Pictures with short captions
+ + + +

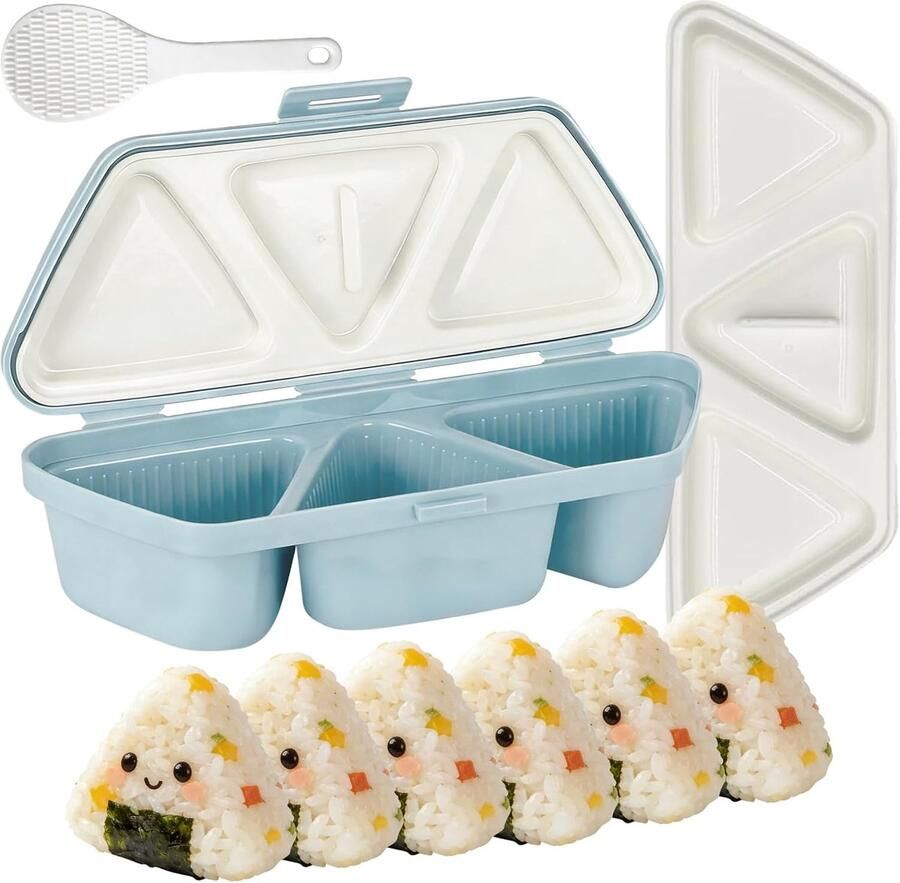Rijstvorm Set Sushi Maker Lunchbox Vullen 6-in-1 Ontwerp 21.5 cm Lengte Blauw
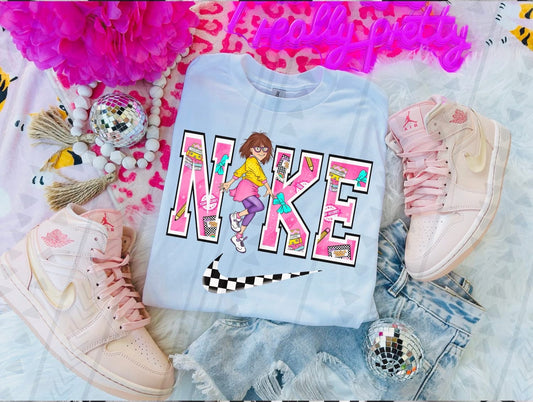 Pink Girl Power Swoosh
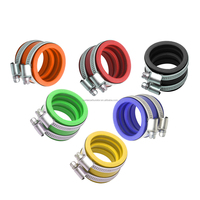(En Stock) Adaptateur en Caoutchouc de Carburateur 35mm 40mm 42mm 45mm, Collecteur d'Admission pour Mikuni Keihin Oko Koso Pwk Pe Pwm Nsr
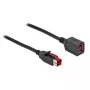 Toitega USB pikenduskaabel DeLOCK 85986 24 V 2 m Must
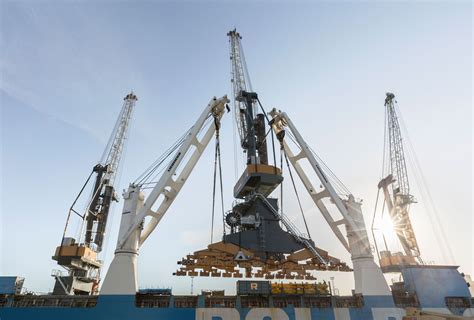 Worldwide Shipping Of Maritime Cranes Liebherr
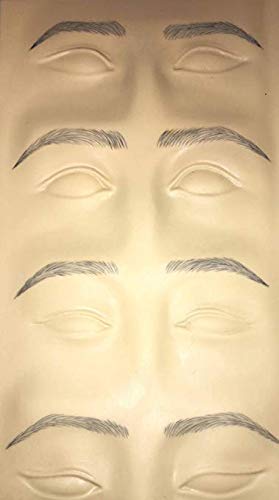 Microblading Supplies 5 Piece Practice Skin For Eyebrows: Permanent Makeup Silicone Skin To Practice Brow Micro-Blading And Needling, Fake Skin Sheets For Professionals And Beginners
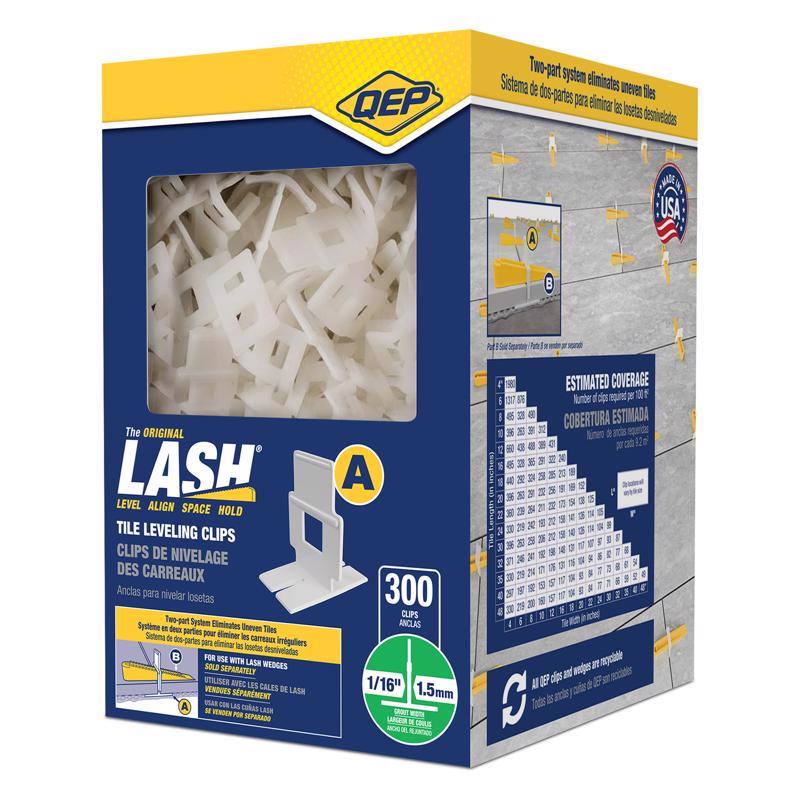 QEP Lash 1.55 in. H X 0.05 in. W X .78 in. L Plastic Tile Spacer Clips 300 pk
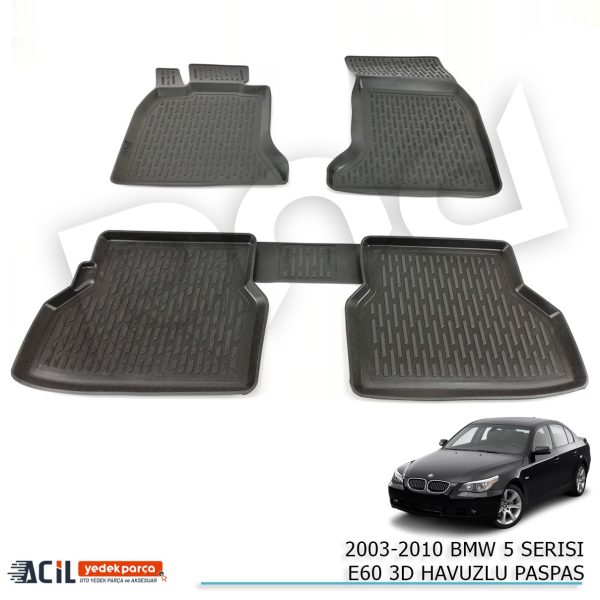 2003-2010 BMW 5 SERISI E60 3D HAVUZLU PASPAS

+ + + +

__Required action__
Quote each record exactly as it stands, minus the pictures.

__Reply to the task__
Rijstvorm Set Sushi Maker Lunchbox Vullen 6-in-1 Ontwerp 21.5 cm Lengte Blauw
 Pink Girl Power Swoosh
(En Stock) Adaptateur en Caoutchouc de Carburateur 35mm 40mm 42mm 45mm, Collecteur d'Admission pour Mikuni Keihin Oko Koso Pwk Pe Pwm Nsr
 Toitega USB pikenduskaabel DeLOCK 85986 24 V 2 m Must
 Worldwide Shipping Of Maritime Cranes Liebherr
 Microblading Supplies 5 Piece Practice Skin For Eyebrows: Permanent Makeup Silicone Skin To Practice Brow Micro-Blading And Needling, Fake Skin Sheets For Professionals And Beginners
 QEP Lash 1.55 in. H X 0.05 in. W X .78 in. L Plastic Tile Spacer Clips 300 pk
 2003-2010 BMW 5 SERISI E60 3D HAVUZLU PASPAS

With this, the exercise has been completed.